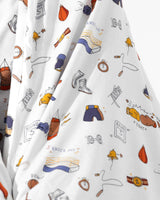 Boxing Bamboo Blanket
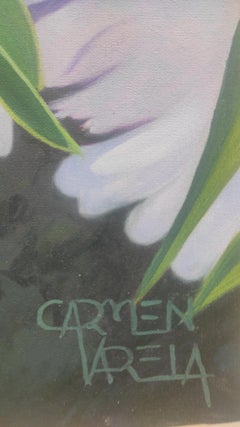 "Universo vegetale", Realismo, figurativo, fiori, colori brillanti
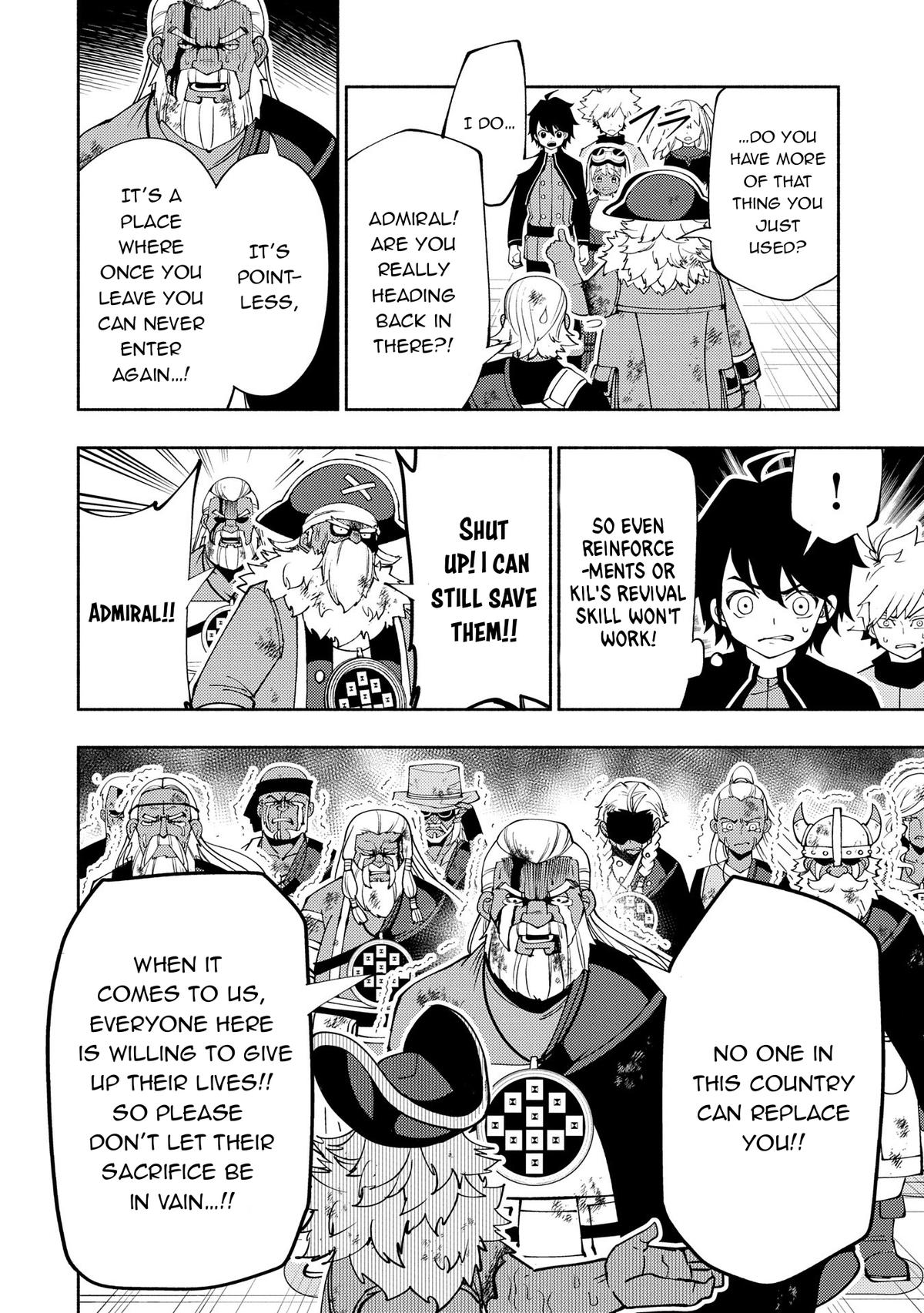 Hell Mode: The Hardcore Gamer Dominates in Another World with Garbage Balancing Chapter 64 page 13 - 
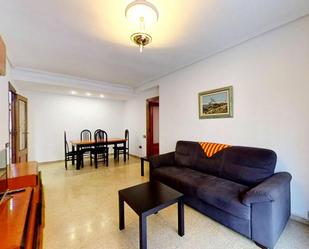 Living room of Flat to rent in  Valencia Capital  with Balcony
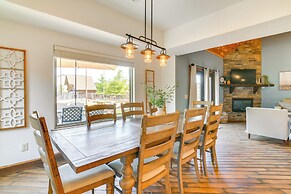 Table Rock Lake Home w/ Boat Slip, Near 76 Strip!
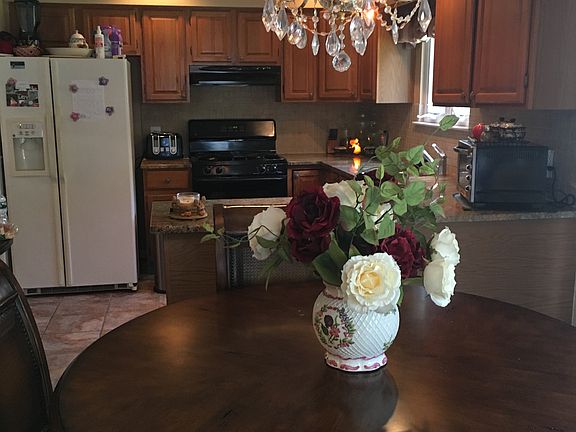 Large eat in kitchen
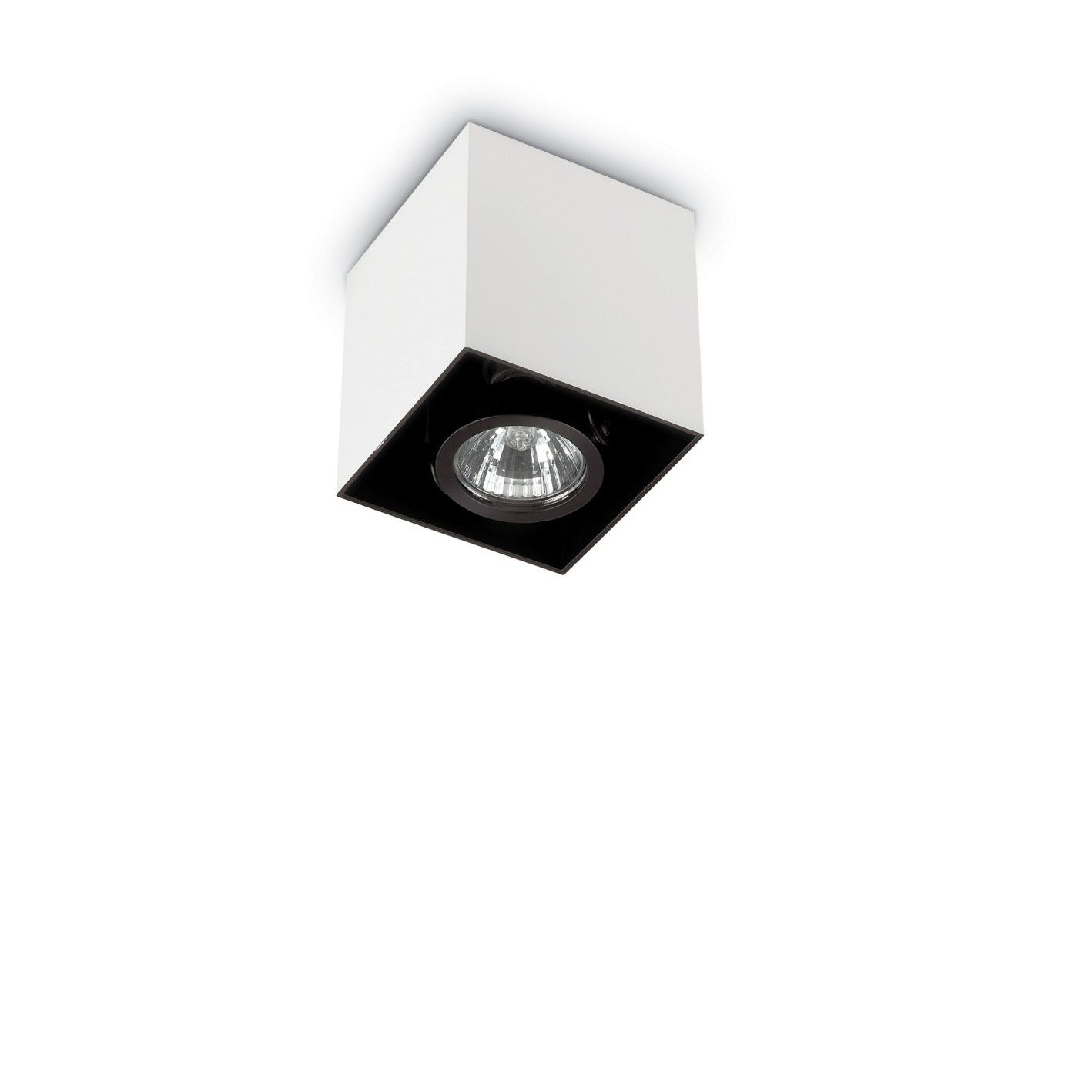 stropní bodové svítidlo Ideal Lux Mood PL1 140902 1x50W GU10 - bílá - Dekolamp s.r.o.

=======

Work to be completed. Restate word for word the lines above that start at the line containing "Large eat in kitchen" and run to the end of the listing; exclude the pictures.

Task result.
 Large eat in kitchen
 stropní bodové svítidlo Ideal Lux Mood PL1 140902 1x50W GU10 - bílá - Dekolamp s.r.o.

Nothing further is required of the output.